Filed under: life, maritime, sail training, tall ships | Tags: Canada, Laura Gainey, Picton Castle, Transportation Safety Board
The Transportation Safety Board of Canada finally issued their report this week concerning the loss overboad of Laura Gainey in December of 2006. You can view the entire Safety Board report on line here.
Not surprisingly, the Board also leveled some substantial criticism at the sail training industry in general and has recommended increased safety and training standards and management systems be adopted by the industry.
Here is the Gainey family’s statement about the Safety Board report:
The Gainey family fully supports the findings of the Transportation Safety Board of Canada’s investigation in its report released today, and we urge Transport Canada to act on the safety concerns raised in this report.
The Board’s findings support that Laura was a hard working and dedicated member of the crew, who took her responsibilities very seriously. It was in the execution of her duties, extremely fatigued and under very difficult circumstances that she was swept off the ship. We are very proud of our Laura.
The report identifies several causes and factors that contributed to the accident, including the absence of effective onboard communication, the lack of safety nets and harnesses and fatigue. It suggests that the decision to sail was flawed.
This report should be compulsory reading for everyone associated with the sail training industry, and it would be valuable for anyone involved in the adventure tourism industry. It is a case study for ensuring that stringent safety and risk management systems be in place.
The Picton Castle has made some changes, there is still more that can be done. We would ask the owners and master of the ship to fully implement an audited safety management system, to set a standard of excellence for their industry and to rigorously maintain it.

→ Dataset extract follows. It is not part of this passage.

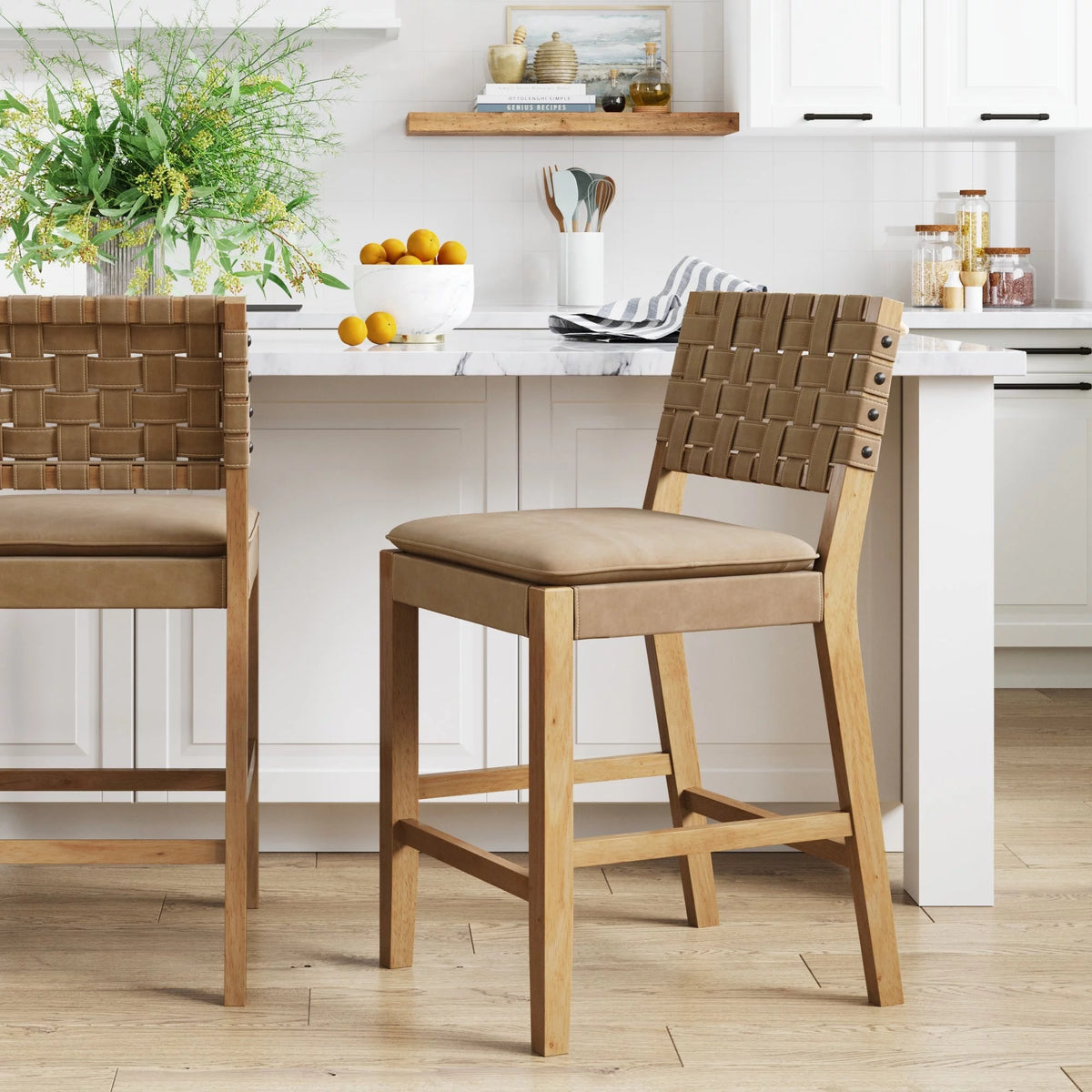 Mid-Century Modern Leather Bar Stool H3744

We also ask, given the mystifying and disappointing action of the Cook Islands Registry over the last 20 months, that the Picton Castle terminate this relationship and register the ship under a Canadian flag.
Our goal was to find out what led to Laura’s death, and the TSB’s thorough and independent investigation has given us this information. We are grateful for this and for the closure it brings.
Finally, our thoughts are often with the crew and trainees who were on board this fateful voyage in December 2006, we are thankful for their exceptional efforts in trying to recover Laura in such challenging conditions. We know they did their best with the tools they had available to them.
Here is Captain Dan Moreland’s October 30, 2008 response to the Safety Board report:
We have reviewed the report issued by the Transportation Safety Board of Canada regarding its investigation into the tragic loss of Laura Gainey on December 8, 2006 from the sail training ship, the Barque Picton Castle. We respectfully acknowledge the professional work of the investigators, and accept their recommendations.
Their findings confirm our strongly held belief that Laura was obeying orders and carrying out her tasks as the excellent crewmember she was onboard the Picton Castle. Our thoughts go out to the Gaineys as they have since that horrible night almost two years ago.
The purpose of this ship is to do good, not harm. It is not truly possible for me to express how devastatingly sorry I and all of us who work with the ship are for the loss of Laura. Laura was a remarkable young woman, treasured by all her shipmates. She will be deeply missed always.
The loss of Laura has led to an intense review and scrutiny of safety equipment and all practices and procedures aboard the Picton Castle, including an in-depth independent Extraordinary Safety Audit and Transport Canada inspections.
We mean to learn all we can from this tragedy. This process is ongoing. The spirit that Laura brought to this ship will sail with us always.
Captain Daniel Moreland
Master, Barque Picton Castle
I’ve written a bit about this casualty before so I won’t rehash it here. I hope that this report will finally allow both the Gainey family and Picton Castle community to move forward. I’m sure that it will also serve as document for thought and action by the sail training community as it continues to look for ways to more effectively and safely give young people life shaping experiences.